The earnings call reveals a mixed outlook. Financial performance shows growth in revenue and EPS, with strong debt reduction efforts and improved margins, which are positive indicators. However, concerns about declining US land activity, economic volatility, and regulatory challenges suggest potential headwinds. The Q&A section highlights management's vague responses on future opportunities, adding uncertainty. Overall, the combination of positive financial metrics and strategic challenges leads to a neutral sentiment, with limited short-term stock price movement expected.
All transcripts are sourced directly from the official live webcast or the company’s official investor relations website. We use the exact words spoken during the call with no paraphrasing of the core discussion.
Full verbatim transcripts are typically published within 4–12 hours after the call ends. Same-day availability is guaranteed for all S&P 500 and most mid-cap companies.
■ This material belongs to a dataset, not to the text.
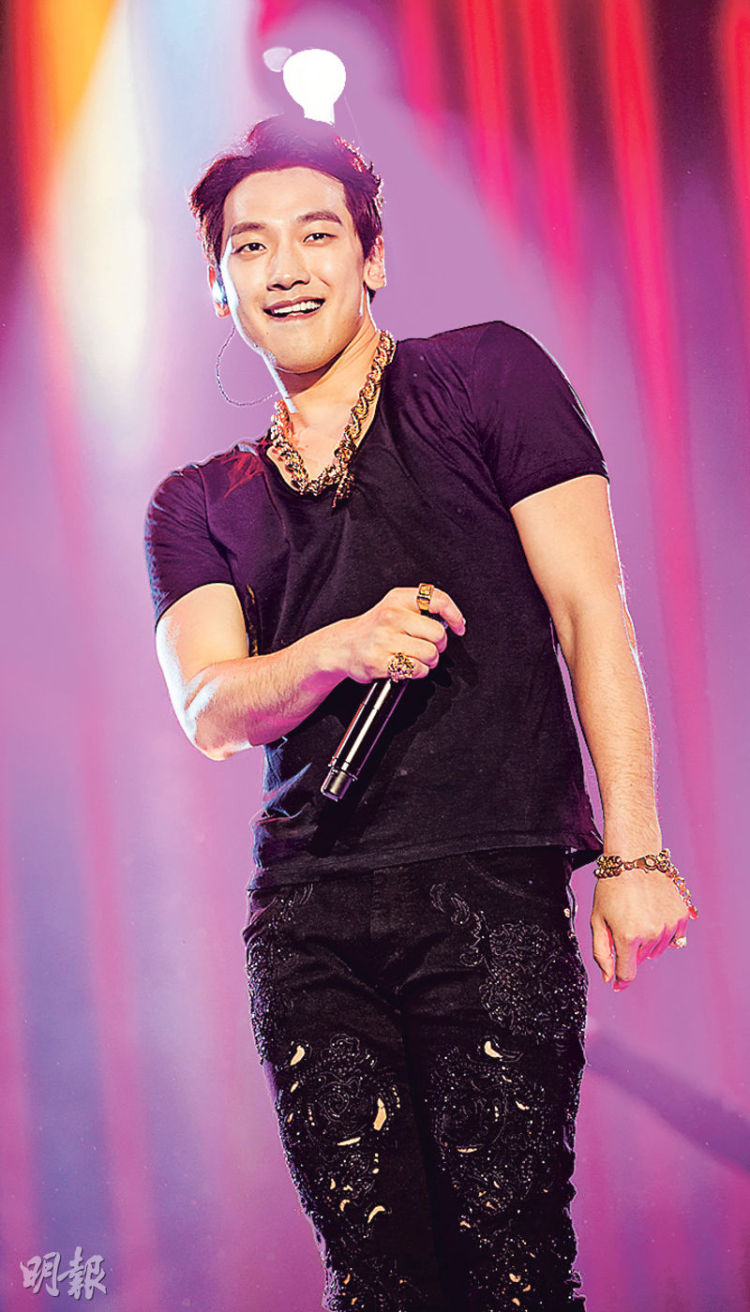 RAIN　China Music Awards_c0047605_0431863.jpg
No material content is ever changed or summarized in the “Full Transcript” section. We only correct obvious spoken typos (e.g., “um”, “ah”, repeated 10 times”, or clear misspoken ticker symbols) and add speaker names/titles for readability. Every substantive sentence remains 100% as spoken.
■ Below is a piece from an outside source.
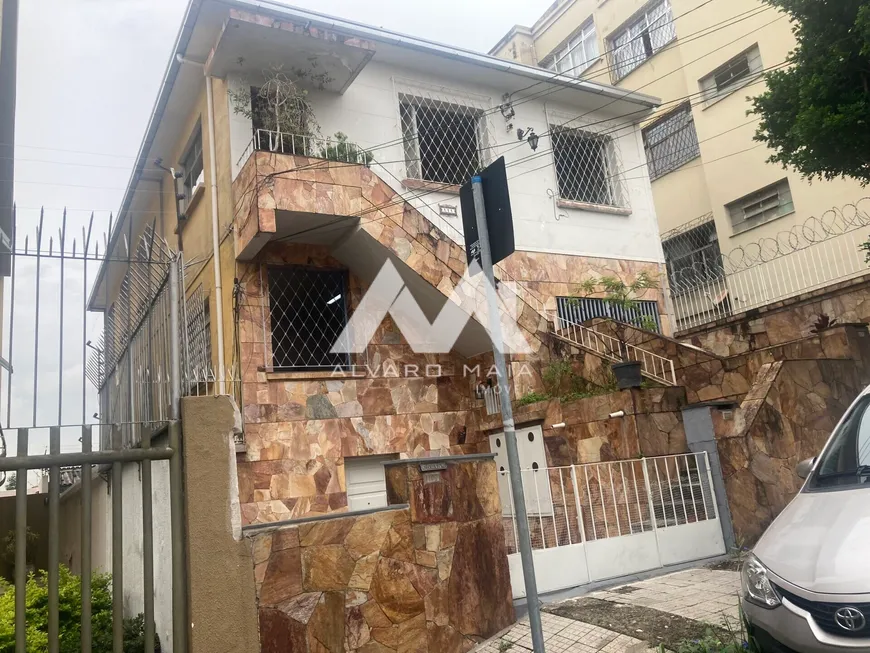 Foto 1 de Casa com 4 Quartos à venda, 135m² em Barroca, Belo Horizonte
When audio quality is poor or multiple speakers talk over each other, we mark the section instead of guessing. This ensures complete accuracy rather than introducing potential errors.
They are generated by a specialized financial-language model trained exclusively on 15+ years of earnings transcripts. The model extracts financial figures, guidance, and tone with 97%+ accuracy and is regularly validated against human analysts. The full raw transcript always remains available for verification.